10:55 AM -- The snake is coming out of the shadows: Hacker RSnake, who founded ha.ckers.org, sla.ckers.org, and is a blogger for Dark Reading, has started his own boutique security consultancy. RSnake -- a.k.a. Robert Hansen -- is now heading up SecTheory, which will work with mid-sized companies (100-1,000 employees) that are under the same regulatory pressures as the big guys but don't have the staff or funding for the proper security expertise.
"As PCI becomes a bigger deal, strong security people are going to be harder and harder to find," says RSnake, whose day job for the past year was director of product management for a real-estate company, a Website job that had nothing to do with security.
RSnake has consulted on the side for a number of large enterprises in the past, and he plans to continue sharing as much of his experience as he can on his hacker sites. But he warns that he can no longer be considered unbiased now that he's back in the security industry game.
As for the new consulting firm, RSnake says he doesn't plan to invent new tools or treat their clients "like an assembly line." "Every company has unique challenges and needs, and I want our company to get to know them and work with them instead of just giving them a templated report."

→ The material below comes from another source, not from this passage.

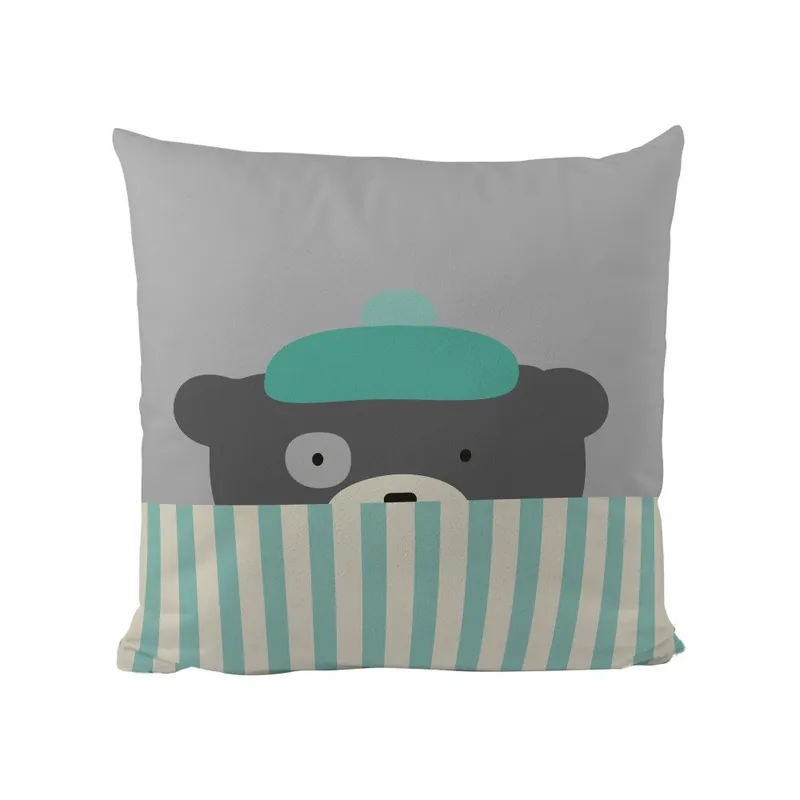 Popularny Poduszka Mr. Little Fox Curious Bear, 50x50 cm Bonami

He says he'll do whatever they need, whether it's help with their architecture, writing requirements documents, strategic planning, vulnerability assessments, whatever. "I don't want to be a shop that becomes too specialized or too bogged down in what we can and can't do," he says. And if there's something his firm can't do, he says they'll find one who can.
What about ha.ckers and sla.ckers? No worries, RSnake says. He'll continue with his work and posts on ha.ckers and sla.ckers "for the foreseeable future," he says. "It's a great way to stay in touch with the security world."

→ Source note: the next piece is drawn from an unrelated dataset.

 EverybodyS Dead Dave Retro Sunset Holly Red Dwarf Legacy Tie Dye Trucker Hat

RSnake in the past has served in advisory roles for security startups and doesn't plan to discontinue his work there, either. (He'll still blog for Dark Reading, too).
"The reason I felt it necessary to come out of the shadows at all is that I felt it was unfair to keep that information from my readership," he says. "My readers had the right to know where their information was coming from. It may shape people's opinions of me or the site, but it would have been unfair to hide the fact that I had moved back into security."
He admits stepping out from behind his RSnake identity and mystique was a little scary, and risky. But he has no regrets: "I was a little worried about coming out of the shadows, as it were, but if you add up the good and the bad, I'm really just happy to be back in the security world -- it's where I belong."